Non-authoritative answer:
example.com nameserver =ns2.minidns.net <-----------問い合わせたドメイン名example.comのセカンダリネームサーバーが表示される。
example.com nameserver =ns1.minidns.net <-----------問い合わせたドメイン名example.comのプライマリネームサーバーが表示される。

ns2.minidns.net internet address =202.64.51.215 <---セカンダリネームサーバーのグローバルIPアドレスが表示される。
ns1.minidns.net internet address =202.64.51.214 <---プライマリネームサーバーのグローバルIPアドレスが表示される。
>exit <---------------------------------------------対話モードを抜ける。

C:\>

画面では、水色がコマンド入力、緑色が得られた結果の注目すべき表示、赤色が注目すべき説明としております。

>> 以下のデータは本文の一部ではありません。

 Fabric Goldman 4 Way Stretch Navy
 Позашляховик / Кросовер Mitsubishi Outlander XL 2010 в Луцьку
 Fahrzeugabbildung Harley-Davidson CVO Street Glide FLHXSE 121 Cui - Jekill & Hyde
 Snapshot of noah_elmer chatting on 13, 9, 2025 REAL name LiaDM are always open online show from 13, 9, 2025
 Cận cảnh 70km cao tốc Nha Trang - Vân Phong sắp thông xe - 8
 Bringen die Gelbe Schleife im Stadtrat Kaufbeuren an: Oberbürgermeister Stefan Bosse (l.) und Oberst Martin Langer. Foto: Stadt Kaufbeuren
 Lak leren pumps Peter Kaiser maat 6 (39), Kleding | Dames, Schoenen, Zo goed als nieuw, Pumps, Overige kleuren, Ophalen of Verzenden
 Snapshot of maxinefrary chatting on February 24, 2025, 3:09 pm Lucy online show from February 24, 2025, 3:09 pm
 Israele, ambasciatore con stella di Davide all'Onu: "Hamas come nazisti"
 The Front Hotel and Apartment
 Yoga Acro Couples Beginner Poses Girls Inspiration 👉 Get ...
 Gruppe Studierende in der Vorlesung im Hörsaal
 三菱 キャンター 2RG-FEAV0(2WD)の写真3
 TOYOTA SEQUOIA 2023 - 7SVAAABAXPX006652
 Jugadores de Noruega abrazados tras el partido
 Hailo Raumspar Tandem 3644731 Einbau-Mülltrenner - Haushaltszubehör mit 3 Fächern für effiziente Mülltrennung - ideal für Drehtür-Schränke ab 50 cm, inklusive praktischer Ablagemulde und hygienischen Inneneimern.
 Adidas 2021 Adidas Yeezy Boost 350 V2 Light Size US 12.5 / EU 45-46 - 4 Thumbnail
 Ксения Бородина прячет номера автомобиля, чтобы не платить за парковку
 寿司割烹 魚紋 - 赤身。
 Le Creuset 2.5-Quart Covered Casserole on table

NS(ネームサーバー)が正しく表示されない場合は、ダイナミックDNSサービス側の設定やレジストラ(登録業者)での登録が出来ていません。

8. (サブ)ドメイン名のメール配送先を調べる

nslookupコマンドでメール配送先を調べた例

C:\>nslookup <--------------------------------------対話モードに入る。
Default Server: eagle.asahi-net.or.jp <-------------使用する(プロバイダ等の)DNSサーバー名
Address: 202.224.32.1 <-----------------------------使用する(プロバイダ等の)DNSサーバーのグローバルIPアドレス

>set type=MX <--------------------------------------MXレコードを問い合わせる。
>example.com <--------------------------------------取得したドメイン名example.comを問い合わせる。
Server: eagle.asahi-net.or.jp
Address: 202.224.32.1

example.com MX preference = 10, mail exchanger =example.com <---------メール配送先のドメイン名が表示される。
example.com nameserver =ns2.minidns.net <-----------問い合わせたドメイン名example.comのセカンダリネームサーバーが表示される。
example.com nameserver =ns1.minidns.net <-----------問い合わせたドメイン名example.comのプライマリネームサーバーが表示される。
example.com internet address = vvv.xxx.yyy.zzz
ns2.minidns.net internet address =202.64.51.215 <---セカンダリネームサーバーのグローバルIPアドレスが表示される。
ns1.minidns.net internet address =202.64.51.214 <---プライマリネームサーバーのグローバルIPアドレスが表示される。
>exit <---------------------------------------------対話モードを抜ける。

C:\>

画面では、水色がコマンド入力、緑色が得られた結果の注目すべき表示、赤色が注目すべき説明としております。

メール配送先とは、(サブ)ドメイン名でメールwebmaster@example.comの太字部分のフルドメイン名(FQDN)を言います。
メール配送先が正しく表示されない場合は、メールの受信が出来ません。ダイナミックDNSサービス側の設定を調べてください。